Well, that’s what happened to me, and the trouble continued when I walked one block away to get coffee. December calls for hot caffeine, and we are creatures of habit, all of which is to say: I made a very poor choice by ordering the steaming drip variety. And, particularly because I’m from Minnesota, I don’t know how to handle myself in this weather. What I needed was some professional guidance about how to stop worrying and embrace hot December. Luckily, I remembered I have like six friends in LA, and every one of them used to live in New York. How do you guys do this? I wrote. Below you’ll find all their advice in our official LA Guide to Surviving a Warm December.
Note: It may not be 70 tomorrow or the next day, but it will be in the 60s, and if it ever reaches the 70s again this winter (let’s not kid ourselves, when that happens), take a page out of their hot winter book and I’m told, to start, eat some tamales.
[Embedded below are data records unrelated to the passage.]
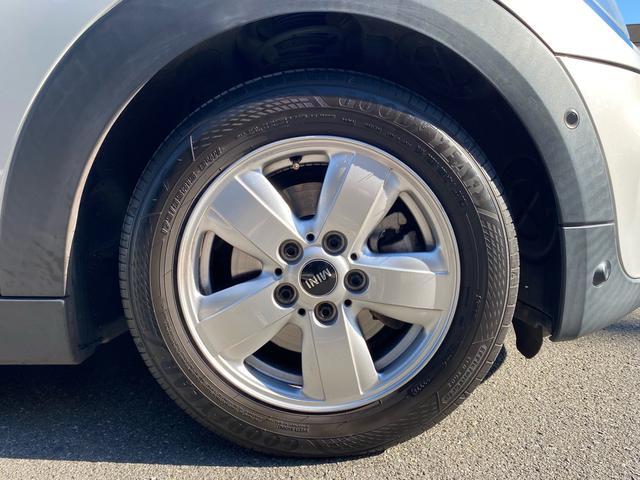 ＭＩＮＩ クーパー　カメラ／パーキングアシストＰＫＧ　ペッパーＰＫＧ　ライトＰＫＧ　エキサイトメントＰＫＧ　ストレージコンバートメントＰＫＧ　コンフォートアクセス　禁煙車　ＥＴＣ　クリアランスソナー　前後フォグランプ（56枚目）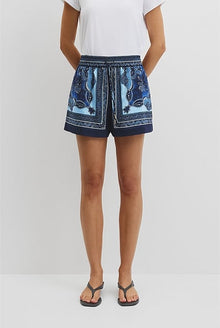 Scarf Print Short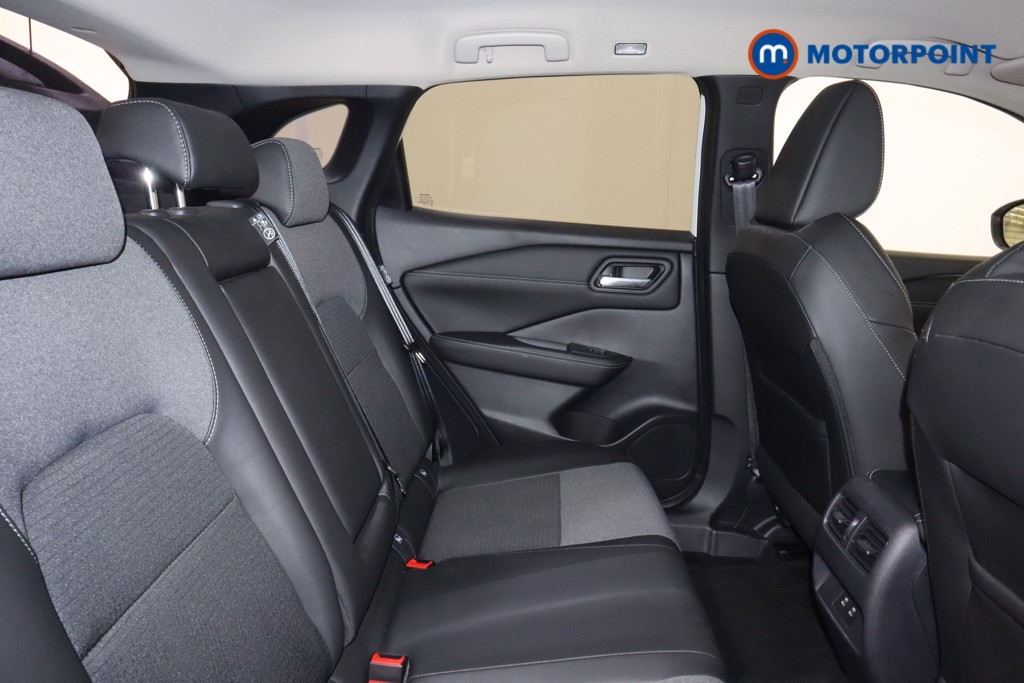 Nissan Qashqai N-Connecta Automatic Petrol SUV - Stock Number (1552319) - 14th supplementary image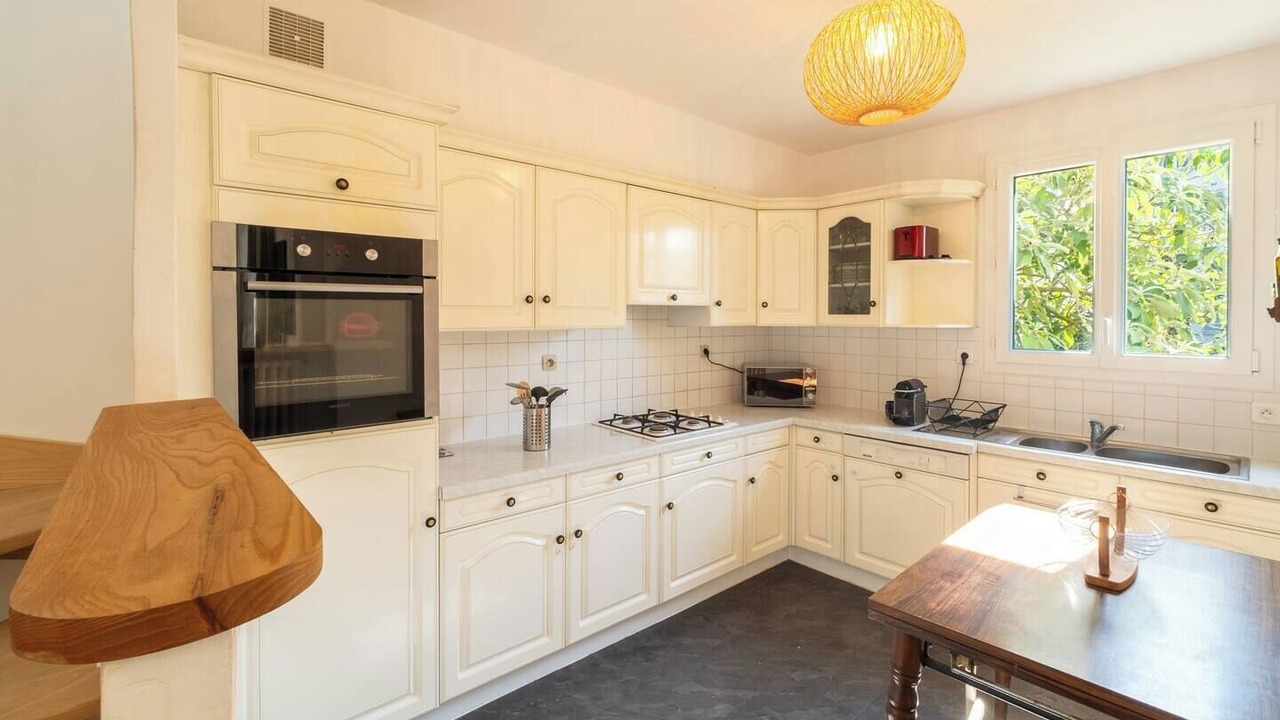 Photo of Kitchen in Sainte-Therese - Quineleu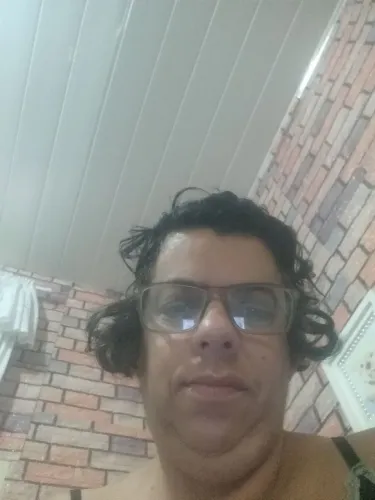 Eu estou vedendo uma caixa de som com microfone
- Surround yourself with the scent of pine: Because things smell more in the heat. Reap the benefits with pinecones and the like.
- Black out all windows: Winters are both cold and dark. Go big on one half of the formula to compensate for underperformance in the second area.
- Watch slow things on television: Things should slow down in the winter, and nothing is slower than yule log—except for yule train and yule boat.
- Return to iced beverages: Even if intended for summer, they are great all of the time. Good to take advantage of that fact.
- Watch some damn Christmas movies and get your head right again: Painful at first, because you cannot actually walk outside into a magical blizzard, but exciting because you will inhabit, at least, the spirit of the holidays. And isn’t that the point of “the holidays” anyway? That we feel them in spirit? That’s what adults told me, anyway, when I found out Santa Claus was my dad. I’ll try to keep going with that concept.
- Don’t stop drinking rosé, you simply don’t have to!: If there’s a drink that embraces the happier side of heat, rosé is probably a top candidate, not to mention tequila, which was also addressed, as in: Sip tequila for a warming sensation, not whiskey. Whiskey is for actual cold weather, not fake cold weather. Right—tequila is also for heat-based celebrations, like tamale parties.
- Which is what my friend Meredith was enjoying the very moment I wrote to her! And she was having so much fun at it, she didn’t have time to respond beyond: “I’m at a tequila tamale outdoor holiday party! Everyone is in sunglasses, will send pics!!” Bless you, Mer.
What’s the other thing people say: Do as I do not as I say? Just kidding, it’s the other way around. But in this case, I wanna do as they do and as they say, because my LA friends proved to me that chilling out in December heat was possible. So, thank you, LA! You may be strange and confusing to New York sometimes, but if you do one thing a lot better than us, it’s taking your December heat in stride.